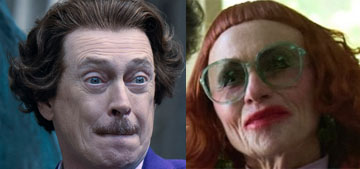 Ryan Coogler’s ‘The X-Files’ reboot casts Amy Madigan and Steve Buscemi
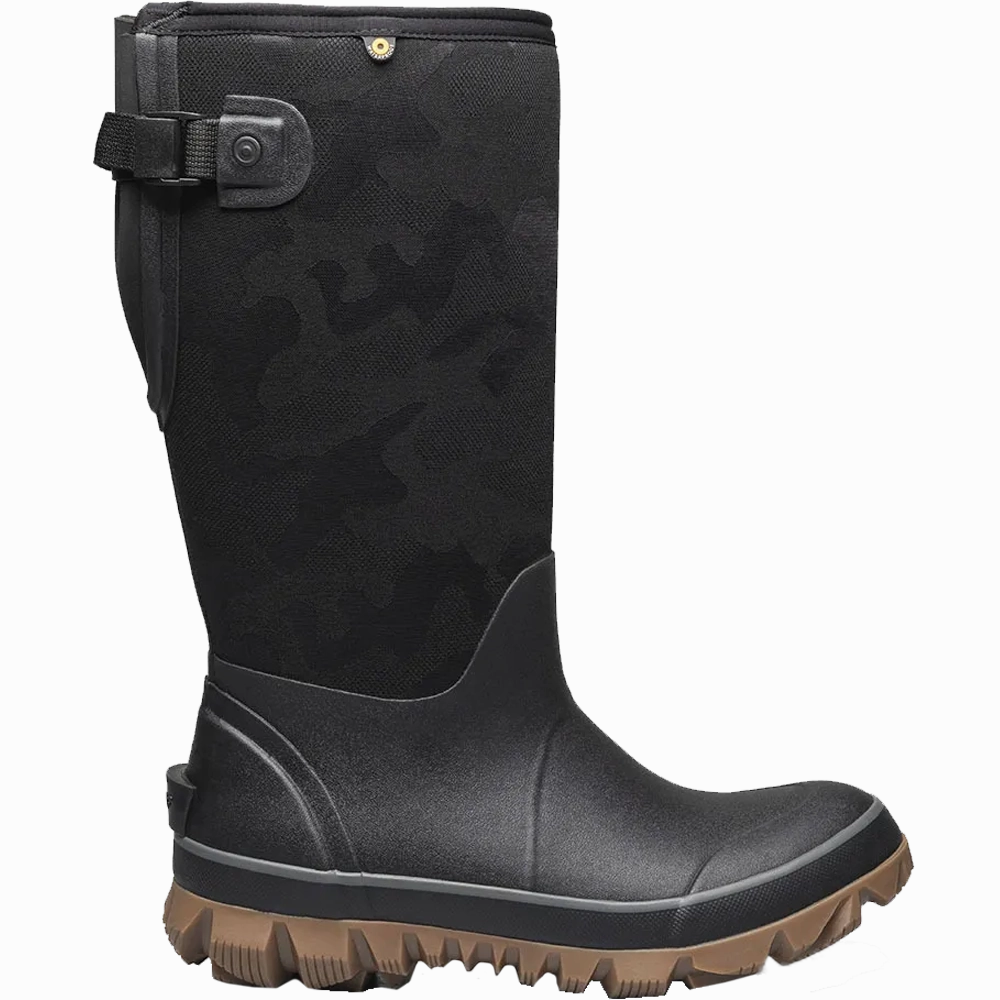 Mountain Exploration Women's Whiteout Adjustable Calf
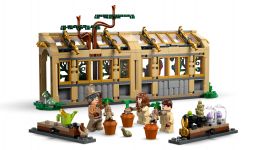 LEGO 76445 - Detailansicht 4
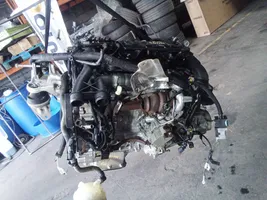 Peugeot Expert Motor 9H07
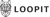 LoopIT Logotype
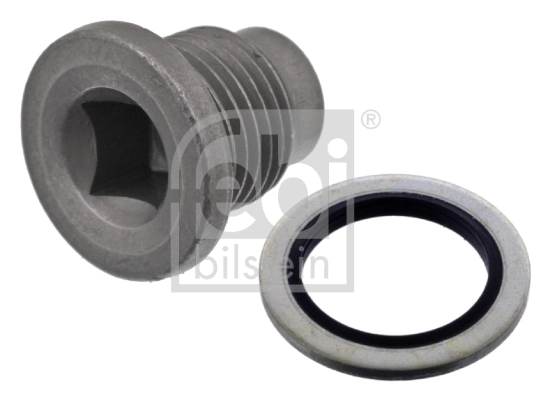 Screw Plug, oil sump 101250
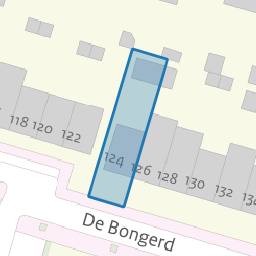 Perceel OSS00-K-5250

- [WHAT IS REQUIRED]:
Because only the text is wanted, copy each record above precisely and omit its pictures.

- [RESPONSE]:
 Ryan Coogler’s ‘The X-Files’ reboot casts Amy Madigan and Steve Buscemi
 Mountain Exploration Women's Whiteout Adjustable Calf
 LEGO 76445 - Detailansicht 4
 Peugeot Expert Motor 9H07
 LoopIT Logotype
 Screw Plug, oil sump 101250
 Perceel OSS00-K-5250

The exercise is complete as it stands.